In some areas, logs were hauled away. Piles were then created using brush and the small timber that was cut. The remainder will be chipped and sent to a local biomass project where feasible or in some cases burned when the piles are dry and the conditions are right.
In one area we passed more traditional piles that had been stacked mostly using hand crews. Jedra explained that it takes one to three years for the piles to dry sufficiently to burn.
With that said, there seemed to be a buzz around the group when hand piles were mentioned. Apparently some members of the public don’t like seeing them.
And hand piles are expensive, according to people on the Beckwourth Ranger District and PNF. It’s prescribed when the funding is available. Sometimes it’s the best way to treat an area.
The second stop to gain additional information on the tour was at the Devol Forest, owned and managed by Soper-Wheeler, based in Strawberry Valley.
Forester Paul Violett took the lead on this phase of the tour. (See related story on page 12B.)
It was Labor Day Weekend last year, Sept. 5 to be exact, when lightning started the 480-acre Eureka Fire, according to Bauer.
Only one engine and a few experienced in fighting wildfires were on the forest. Most were committed to other fires. “Don (Fregulia) and one engine was all we had to send to it,” Bauer explained about the situation.
Forests were at Level 5, Bauer explained. That’s the highest commitment of staff and resources to fires. “There were no extra resources to spare,” he said.
But with that high a rating, crews could work more than the 14-day maximum without a break. They could also use the National Guard.
That engine and personnel were sent to McCrae Meadows where they bedded down for the night. “We didn’t want to send crews at night,” he said. Besides fire, there were other nighttime hazards.
And with just one engine and a handful of firefighters, Bauer said they needed to weigh their options. It was apparent that the conditions were good for a managed fire.

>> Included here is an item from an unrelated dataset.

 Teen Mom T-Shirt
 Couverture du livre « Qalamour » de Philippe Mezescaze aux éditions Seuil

To do that, Bauer said they not only needed to get the approval of the Beckwourth District Ranger, but that of the Feather River District. Its boundaries touched on the opposite side of McRae Ridge.
Violett said he learned about the managed fire proposal and knew that if things didn’t go as planned, some of Soper-Wheeler’s property could be in the fire’s path.
Bauer said they had to identify their management objectives for this plan to work. “We didn’t want it to hit the Tahoe (National Forest).”
But there were some favorable natural points, including rock outcroppings and forest roads, which created areas that would stop a fire from spreading. Those natural and man-made barriers appeared at the north and south of the Eureka Fire.
According to incident information posted at the time of the Eureka Fire, it was indicated that a “confine and contain” suppression strategy was in use.
In ways, this fire was doing what fire was originally meant to do — it eliminated heavy dead and downed materials on the forest floor.
And just like on the Big Hill project, nature was restoring the forest to a healthy and resilient condition.
Precipitation also helped keep the fire within its boundaries and helped with containment.
Allowing the Eureka Fire to burn was a risk, but looking back it was well worth taking.
Indicating the dried, brown spots on the McCrae Ridge mountainside, Bauer showed the tour group the fire’s path. It hop-scotched lightly through the area. There were no visible charred areas seen all too frequently when fire hits areas with heavy fuels, few barriers and winds. It was not a catastrophic event.
The final leg of the tour was spent following the lead vehicle through a portion of the Eureka Fire.
It was more like looking at small areas where flames had touched and then went out or danced on.
We weren’t seeing the big areas where the ground was turned to white ash and the standing trees nothing but skeletal remains. It was obviously a gamble worth taking.